Show runners

We’ve spent so much time moaning about the inability to bring another big hitter to these parts that we’re at risk of overlooking what we do have: two teams that will count on speed, which is more exciting baseball anyway.

The Dodgers and Angels are division favorites even though they won’t send many balls over the fence this season. That’s cool. Kind of old school.

In the 1980s you had the St. Louis Cardinals running wild. The most exciting moment in baseball was a walk to Rickey Henderson, because you knew what was coming up next.

But the stolen base isn’t hot anymore. It’s gone the way of Von Dutch caps. In 1986, the National League averaged 153 stolen bases and 126 home runs a team. By 2003, the trend had switched to 169 home runs and 81 stolen bases a team.


Fences have been pulled closer to the plate. The fans have spoken, the owners have written their checks. Power won.

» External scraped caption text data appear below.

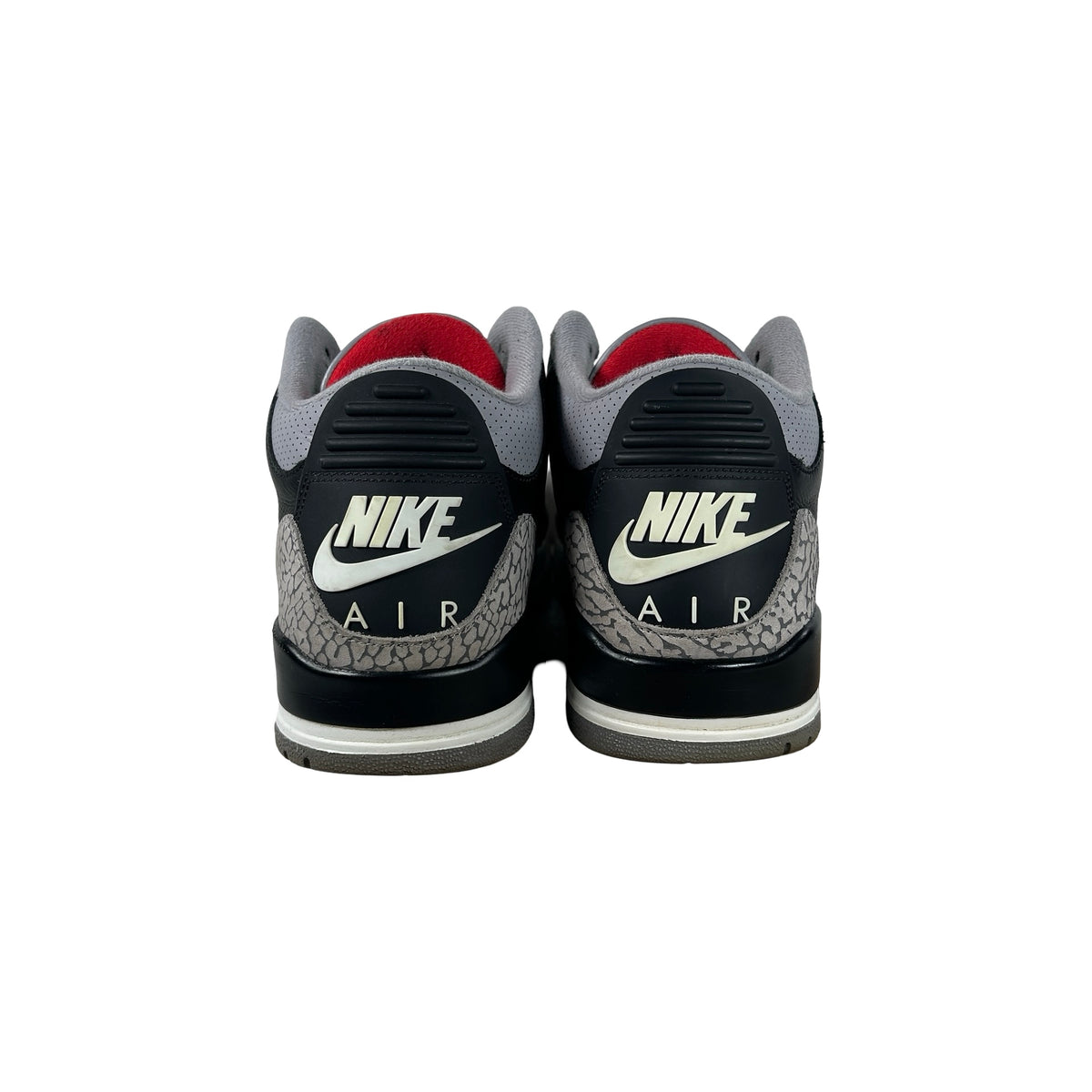 DN3707 010 Jordan 3 Retro Black Cement Reimagined (2024) [USED] - 12 M (Used26)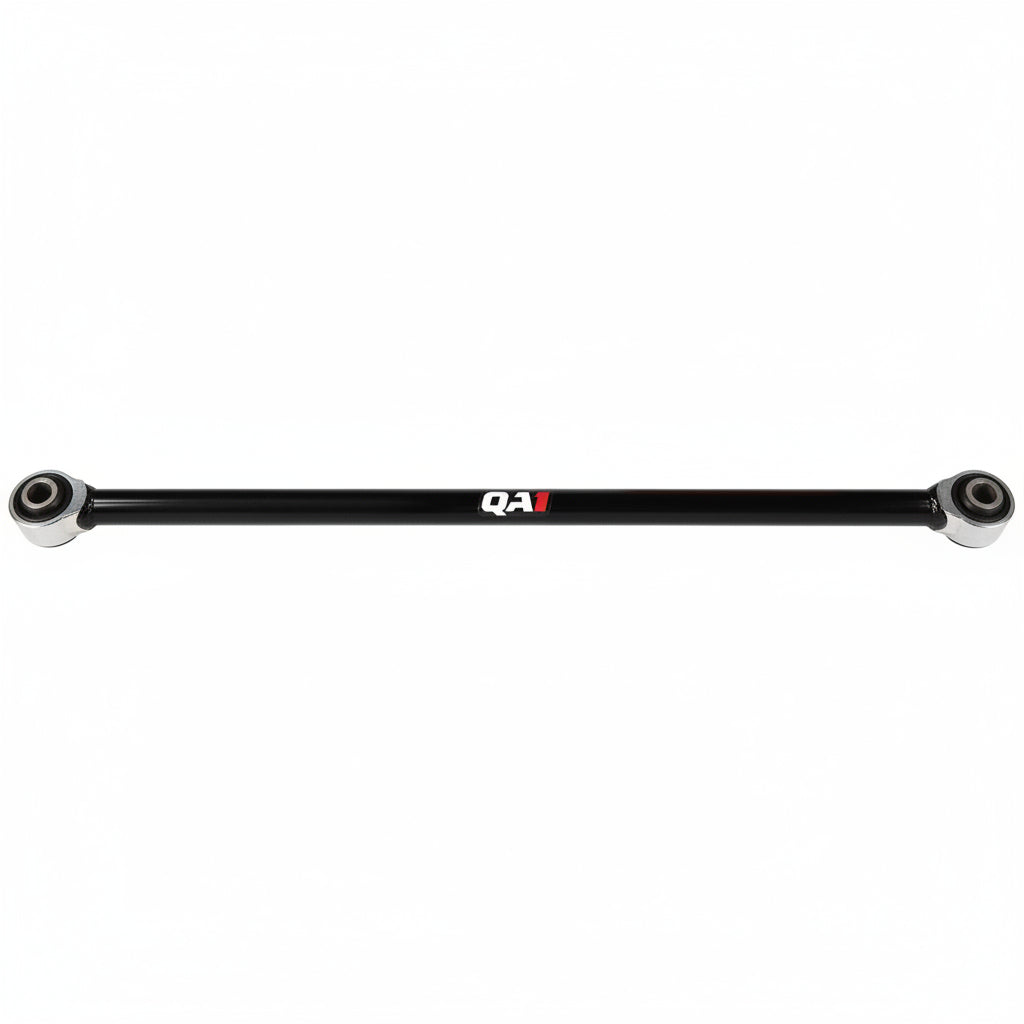 QA1 5289 adjustable rear panhard bar with black powder coated finish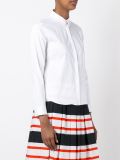 hidden button shirt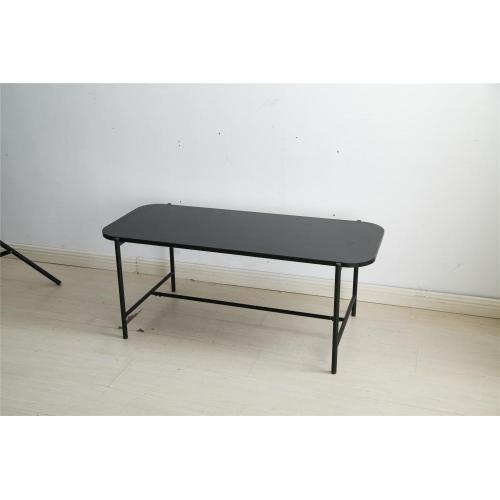 mueble de mesa de centro cuadrada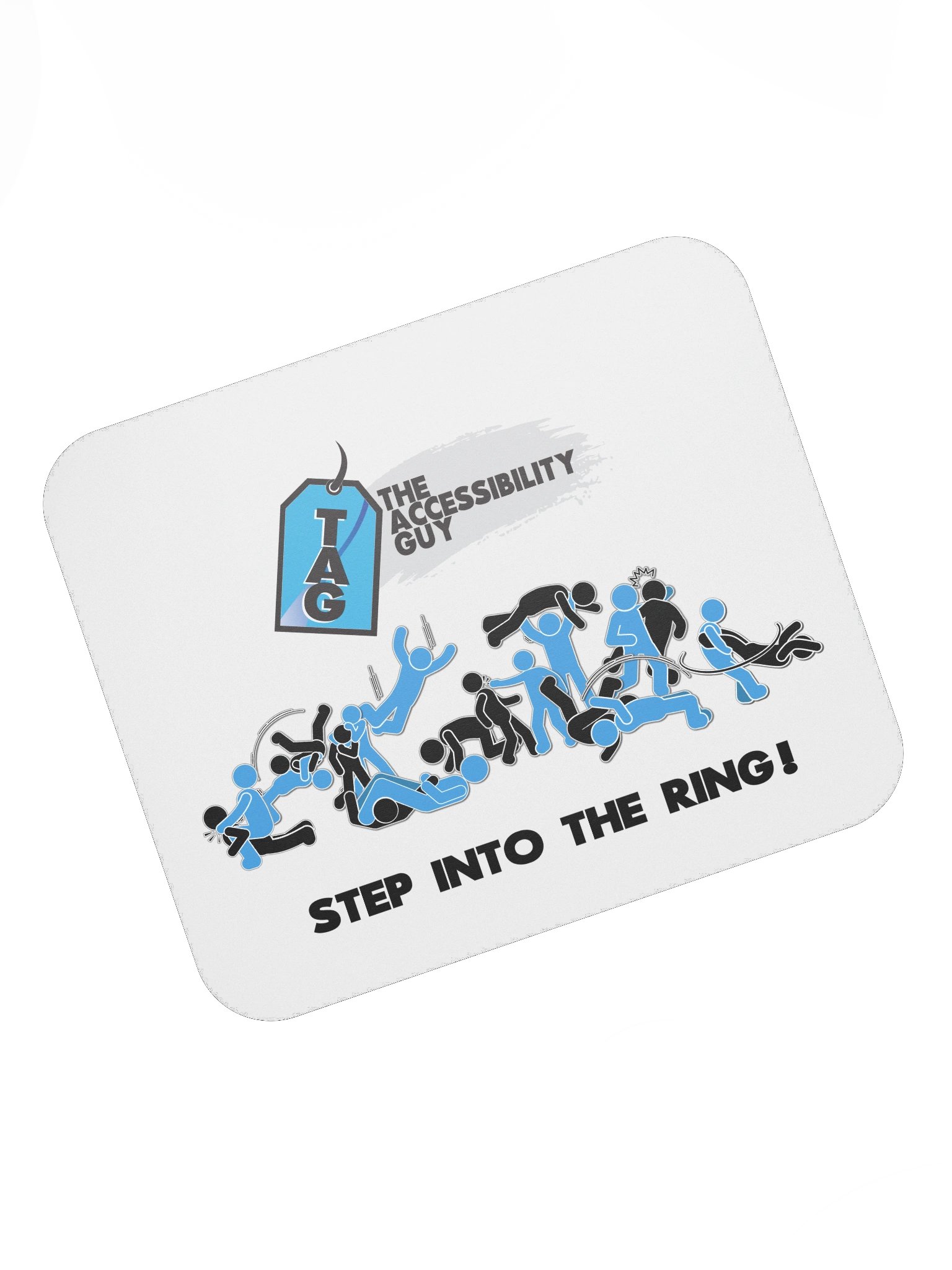 Step into the Ring - Mouse Pad product image (7)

As Maury Wills, the Dodgers’ guru of the basepaths, says, “The guys who hit the home runs drive big cars.”

By that rule, the player lots at Angel Stadium and Dodger Stadium should be filled with Ford Escorts. Last year, the Angels were 12th in the American League in home runs, the Dodgers 15th in the National League.

But their biggest off-season player moves resulted in leadoff hitters, not cleanup guys. So expect more basepath hustle than batter’s box muscle.


In spring training the Angels looked as if they were trying to qualify for the U.S. track and field championships, stealing 56 bases (18 more than the runner-up New York Mets).

“You create offense,” Scioscia said. “And some of it is necessary, where you may have to roll the dice to try to stay out of a double play or try to move a runner or scratch for some offense when we’ve been struggling. It’s a combination [of philosophy and necessity]. You definitely adjust to what your talent is on the field.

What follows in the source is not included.